The questions are how do the team address his absence and how do we as supporters react. Do we resign ourselves to an unattractive fate or do we rally to John Blutarsky's inspiration, "Was it over when the Germans bombed Pearl Harbor"?
On the first question, manager Arsène Wenger has decided on a close facsimile of Coquelin, rather than an overhaul of the team's structure. For Wenger, maintaining the balance and flow of the team points to the selection of Mathieu Flamini to play beside Santi Cazorla in central midfield. That move disrupts the team the least.
The alternatives involved moving Aaron Ramsey from his more attacking position to one in deeper midfield. Wenger has said this would weaken Arsenal's stability and reduce Ramsey's effectiveness.
"Ramsey is more an offensive player," Wenger said. "I will use him sometimes there [centrally] when the game demands, but is he naturally with Cazorla a balanced pair? Defensively, certainly, it's an adventurous one!"
"He is not afraid to tackle, but he likes to go in the box, and he has good timing of runs, and he wants the ball, and he wants to go forward. If you take that out of him, and you say, 'Look. You have to sit now. Sit there and wait,' you kill his strengths."
The response to the second question--on the fans' reaction--will be predictable to anyone who's followed the club in the past decade. A vocal group will take the obvious, self-satisfied, and psychologically easy way of anticipating the worst and criticizing the manager before that outcome even happens.
That technique does provide comfort in the face of uncertainty and the knowledge that Arsenal's chances of winning the title--never overwhelming due to the correlation between financial outlay and final league position--have shrunk with the absence of one of the team's essential players.
But I'd ask why these people follow sport in general, and the Arsenal in particular, if they're looking for certainty. The basis of the drama and its attraction lie in the unpredictability.
Plus, just because the ultimate prize might well escape Arsenal's grasp, does that render all the proceedings moot?

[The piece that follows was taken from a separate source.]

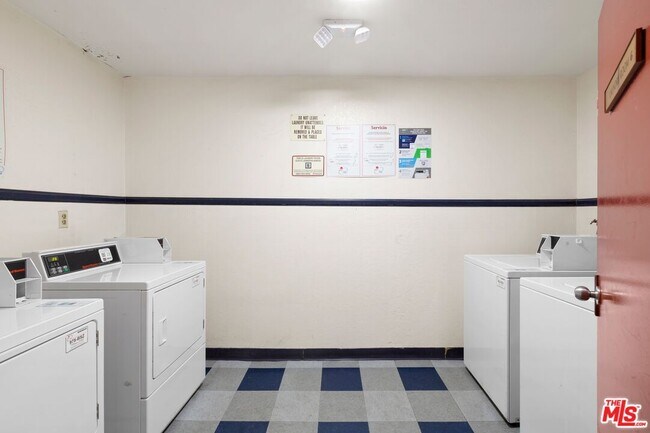 Building Photo - 18530 Hatteras St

Arsenal finished the 2014-15 league campaign in third place, far behind champions Chelsea. If you had anticipated that outcome at the beginning of the season and dismissed anything that happened in the meantime, you'd have turned your nose up at the captivating Alexis Sanchez, ignored the surprising emergence of Hector Bellerin and Coquelin himself, and missed out the joy of beating Manchester City, Liverpool, and Manchester United in the FA Cup.

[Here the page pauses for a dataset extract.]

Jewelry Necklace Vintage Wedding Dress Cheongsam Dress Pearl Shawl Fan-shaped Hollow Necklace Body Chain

To say nothing of the moments of sublime skill and brilliance that these elite and compelling athletes can deliver.
The next opportunity bear witness comes in Sunday's match at Norwich City. There, the Gunners start the "WC" (Without Coquelin) period in the Premier League against the 16th-placed Canaries. The hosts have lost four of their last five matches, but three of those have been by one-goal margins.
Norwich are in the middle of the pack on most statistical measures, though they do rank low on tackles and interceptions. This suggests that the Canaries don't aggressively go after the ball when they're not in possession, choosing instead to keep their shape.

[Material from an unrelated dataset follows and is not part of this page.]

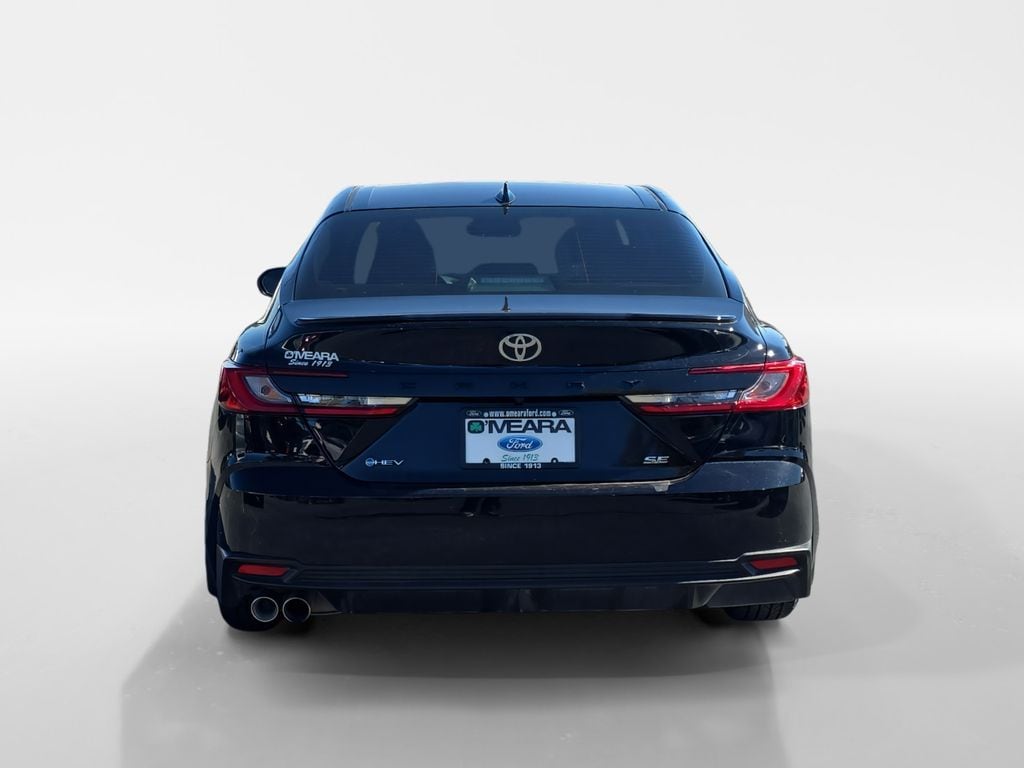 Used 2025 Toyota Camry SE Sedan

Arsenal will be familiar with this approach: It's similar to the one West Brom employed in defeating the Gunners last weekend. This time out, Arsenal players must learn from their mistakes at the Hawthorns, especially the lapses in defensive concentration, and unsettle Norwich with swift movements.
Even without Coquelin, Arsenal have the players to succeed at those tasks. And to produce unforgettable moments, such as this. It's worth staying behind the team for that reason alone.
Players to Watch:
Arsenal. Santi Cazorla. The diminutive Spanish director looked majestic against Dinamo Zagreb on Tuesday night, wriggling through traffic as only he can and launching Arsenal's attacks. How he combines with Mathieu Flamini and picks apart the Norwich defense could well determine Arsenal's prospects Sunday and beyond.
Norwich City. John Ruddy. The Norwich keeper can keep matches close. But he's also capable of letting in six goals, as he did at Newcastle in mid-October.